Pigsty uses Patroni to implement PostgreSQL high availability, ensuring automatic failover when the primary becomes unavailable.

Overview

Pigsty’s PostgreSQL clusters come with out-of-the-box high availability, powered by Patroni, Etcd, and HAProxy.

When your PostgreSQL cluster has two or more instances, you automatically have self-healing database high availability without any additional configuration — as long as any instance in the cluster survives, the cluster can provide complete service. Clients only need to connect to any node in the cluster to get full service without worrying about primary-replica topology changes.

With default configuration, the primary failure Recovery Time Objective (RTO) ≈ 30s, and Recovery Point Objective (RPO) < 1MB; for replica failures, RPO = 0 and RTO ≈ 0 (brief interruption). In consistency-first mode, failover can guarantee zero data loss: RPO = 0. All these metrics can be configured as needed based on your actual hardware conditions and reliability requirements.

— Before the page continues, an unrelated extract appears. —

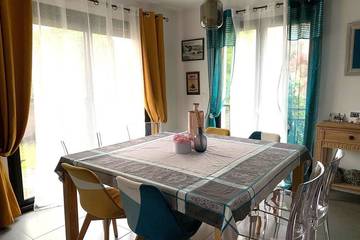 Location de vacances pour 8 personnes, avec jardin à Le Perreux-sur-Marne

Pigsty includes built-in HAProxy load balancers for automatic traffic switching, providing DNS/VIP/LVS and other access methods for clients. Failover and switchover are almost transparent to the business side except for brief interruptions - applications don’t need to modify connection strings or restart. The minimal maintenance window requirements bring great flexibility and convenience: you can perform rolling maintenance and upgrades on the entire cluster without application coordination. The feature that hardware failures can wait until the next day to handle lets developers, operations, and DBAs sleep well during incidents.

pigsty-ha

Many large organizations and core institutions have been using Pigsty in production for extended periods. The largest deployment has 25K CPU cores and 220+ PostgreSQL ultra-large instances (64c / 512g / 3TB NVMe SSD). In this deployment case, dozens of hardware failures and various incidents occurred over five years, yet overall availability of over 99.999% was maintained.

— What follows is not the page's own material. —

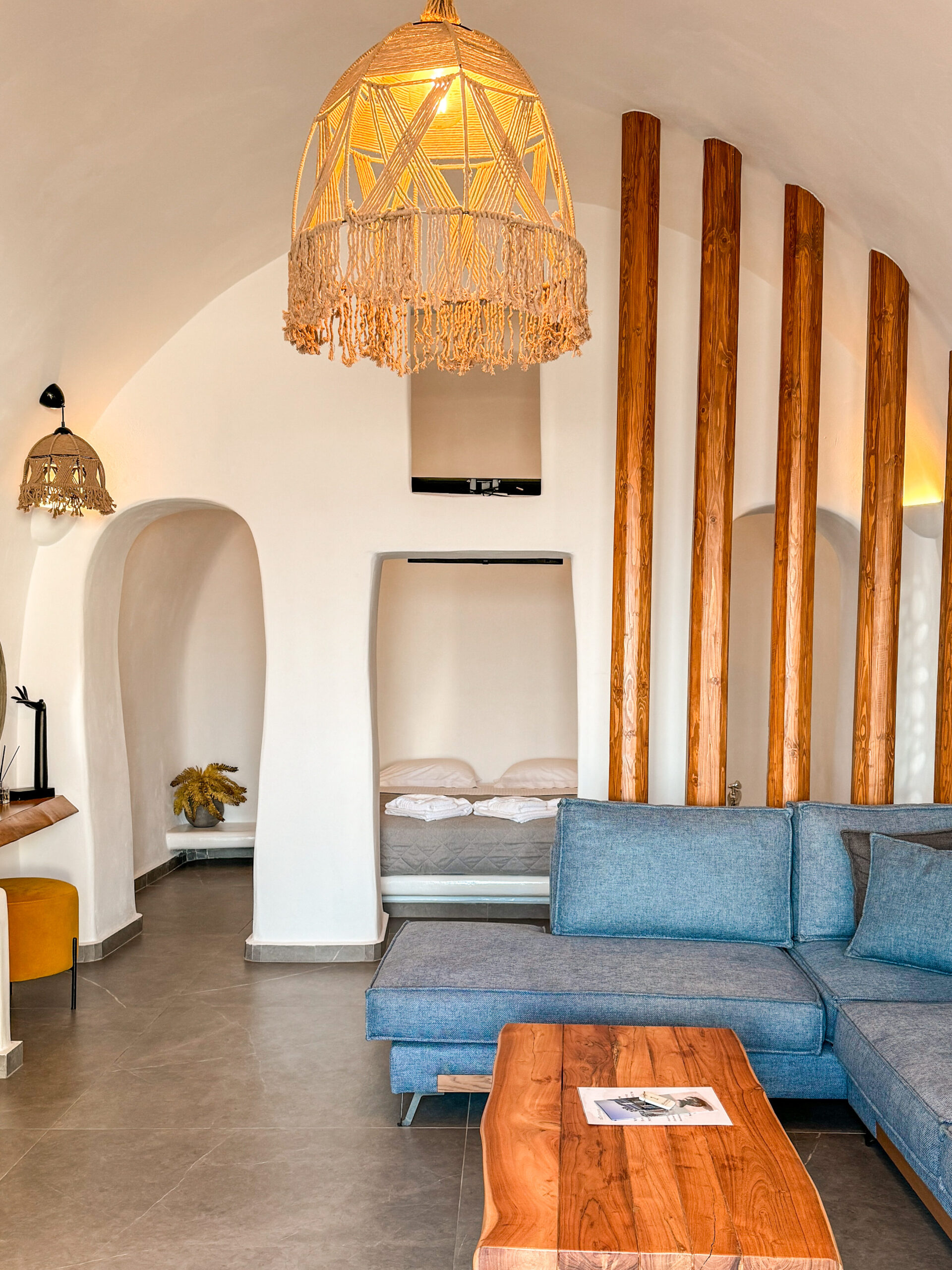 Allure Breeze hotel in Oia, Santorini in a cave style architecture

What problems does High Availability solve?

  • Elevates data security C/IA availability to a new level: RPO ≈ 0, RTO < 30s.
  • Gains seamless rolling maintenance capability, minimizing maintenance window requirements and bringing great convenience.
  • Hardware failures can self-heal immediately without human intervention, allowing operations and DBAs to sleep well.
  • Replicas can handle read-only requests, offloading primary load and fully utilizing resources.

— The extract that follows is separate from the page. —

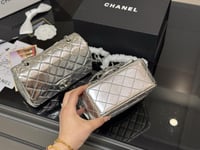 شنطة يد شانيل فضي لامع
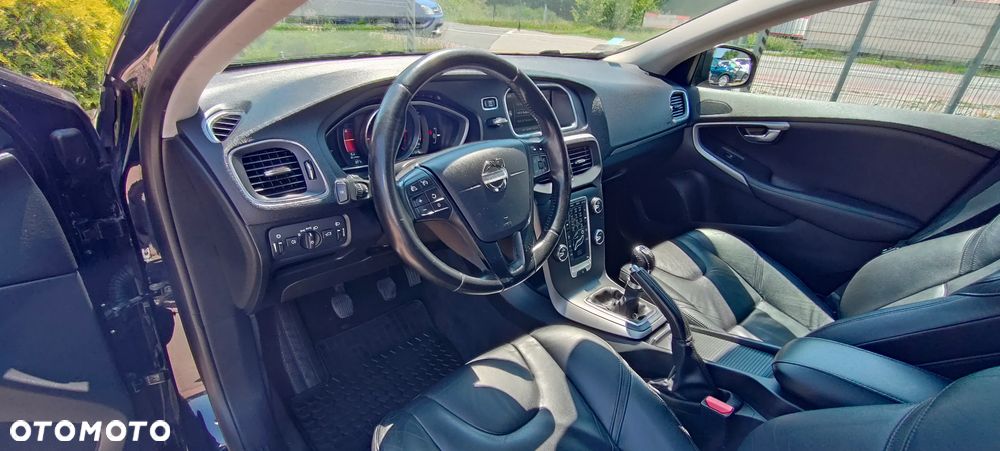 Volvo V40 D2 - 19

What are the costs of High Availability?

  • Infrastructure dependency: HA requires DCS (etcd/zk/consul) for consensus.
  • Higher starting threshold: A meaningful HA deployment requires at least three nodes.
  • Extra resource consumption: Each new replica consumes additional resources, though this is usually not a major concern.
  • Significantly increased complexity: Backup costs increase significantly, requiring tools to manage complexity.

Limitations of High Availability

Since replication happens in real-time, all changes are immediately applied to replicas. Therefore, streaming replication-based HA solutions cannot handle data deletion or modification caused by human errors and software defects. (e.g., DROP TABLE or DELETE data) Such failures require using delayed clusters or performing point-in-time recovery using previous base backups and WAL archives.

Configuration StrategyRTORPO
Standalone + Nothing Data permanently lost, unrecoverable All data lost
Standalone + Base Backup Depends on backup size and bandwidth (hours) Lose data since last backup (hours to days)
Standalone + Base Backup + WAL Archive Depends on backup size and bandwidth (hours) Lose unarchived data (tens of MB)
Primary-Replica + Manual Failover ~10 minutes Lose data in replication lag (~100KB)
Primary-Replica + Auto Failover Within 1 minute Lose data in replication lag (~100KB)
Primary-Replica + Auto Failover + Sync Commit Within 1 minute No data loss

How It Works

In Pigsty, the high availability architecture works as follows:

  • PostgreSQL uses standard streaming replication to build physical replicas; replicas take over when the primary fails.
  • Patroni manages PostgreSQL server processes and handles high availability matters.
  • Etcd provides distributed configuration storage (DCS) capability and is used for leader election after failures.
  • Patroni relies on Etcd to reach cluster leader consensus and provides health check interfaces externally.
  • HAProxy exposes cluster services externally and uses Patroni health check interfaces to automatically distribute traffic to healthy nodes.
  • vip-manager provides an optional Layer 2 VIP, retrieves leader information from Etcd, and binds the VIP to the node where the cluster primary resides.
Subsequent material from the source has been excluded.